Retype the listing exactly as it stands, and keep every image out.

DATA PROVIDED -
━━━

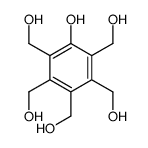 2,3,4,5,6-pentakis(hydroxymethyl)phenol Structure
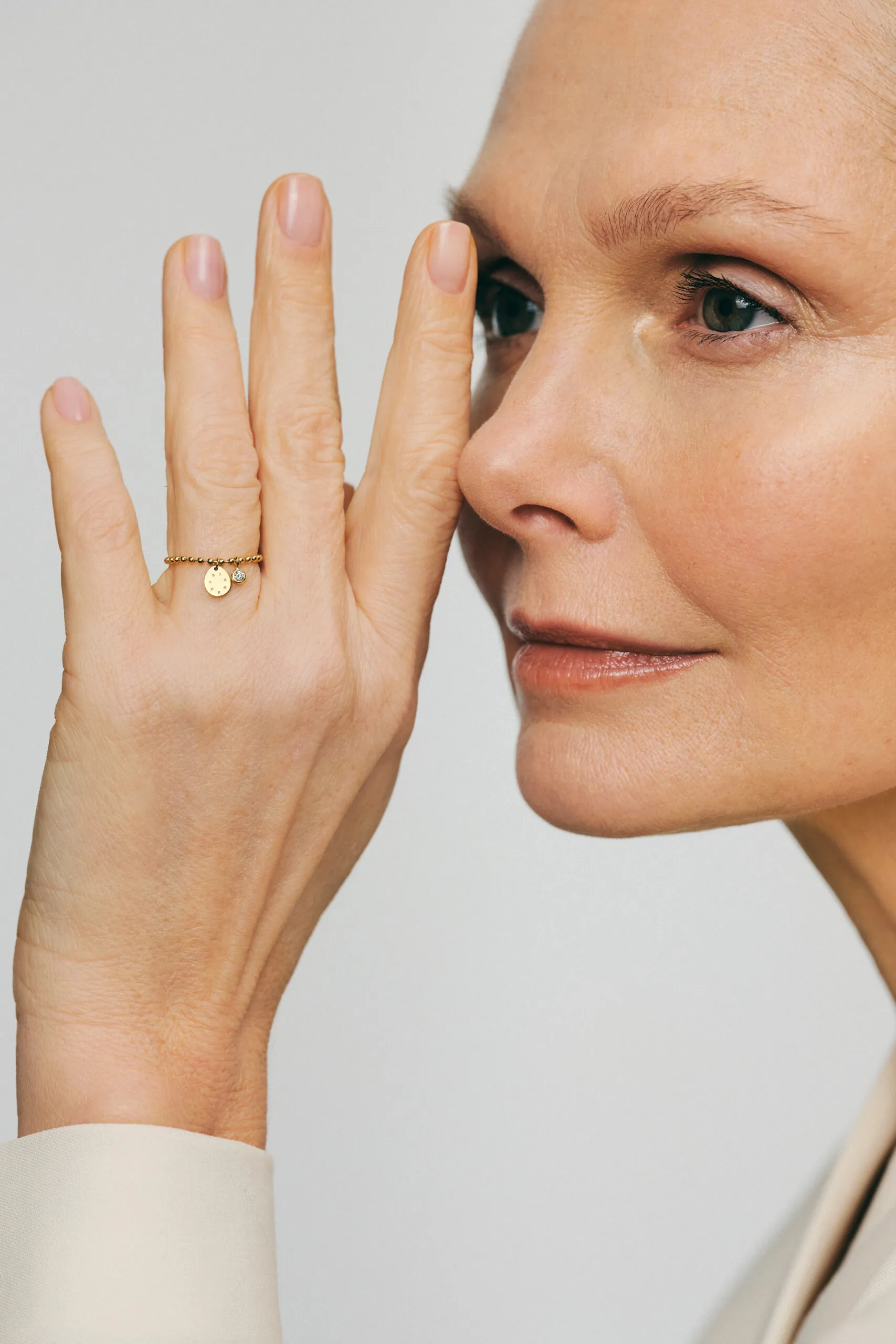 Rings Eternal Flat and Diamond Ring, yellow gold with modern design available now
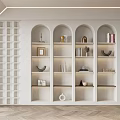 Modern decorative cabinet background modeling wall 3d model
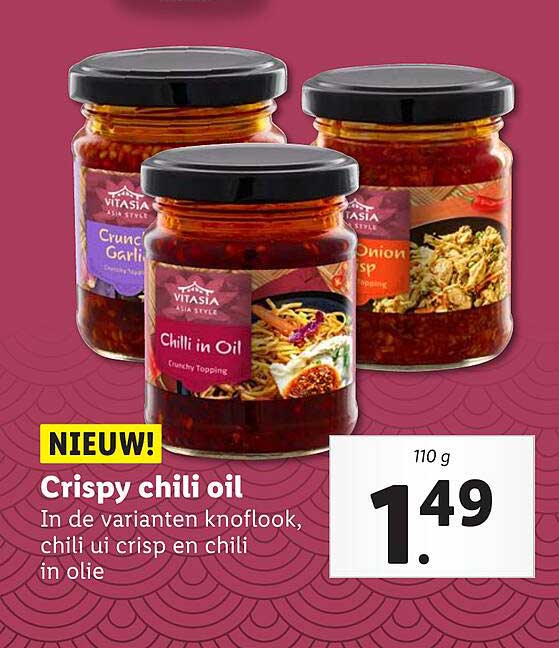 Crispy chili oil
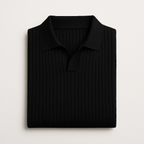 Eloura | Men’s Ribbed Knit Polo Shirt— Refined Texture, Effortless Class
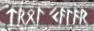 "Trol'Kalar", Common text ("Elder Futhark" runic letters)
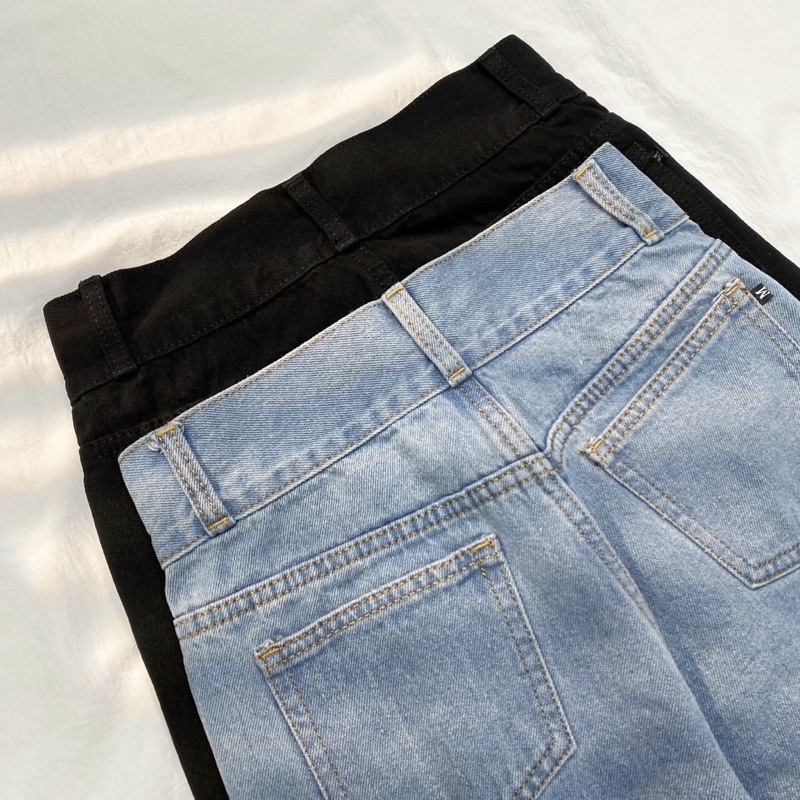 Quần Jeans Nữ Ống Rộng Lưng Cao KIA Phong Cách Ulzzang – 84Unisex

━━━

EXERCISE SOLUTION -
 2,3,4,5,6-pentakis(hydroxymethyl)phenol Structure
 Rings Eternal Flat and Diamond Ring, yellow gold with modern design available now
 Modern decorative cabinet background modeling wall 3d model
 Crispy chili oil
 Eloura | Men’s Ribbed Knit Polo Shirt— Refined Texture, Effortless Class
 "Trol'Kalar", Common text ("Elder Futhark" runic letters)
 Quần Jeans Nữ Ống Rộng Lưng Cao KIA Phong Cách Ulzzang – 84Unisex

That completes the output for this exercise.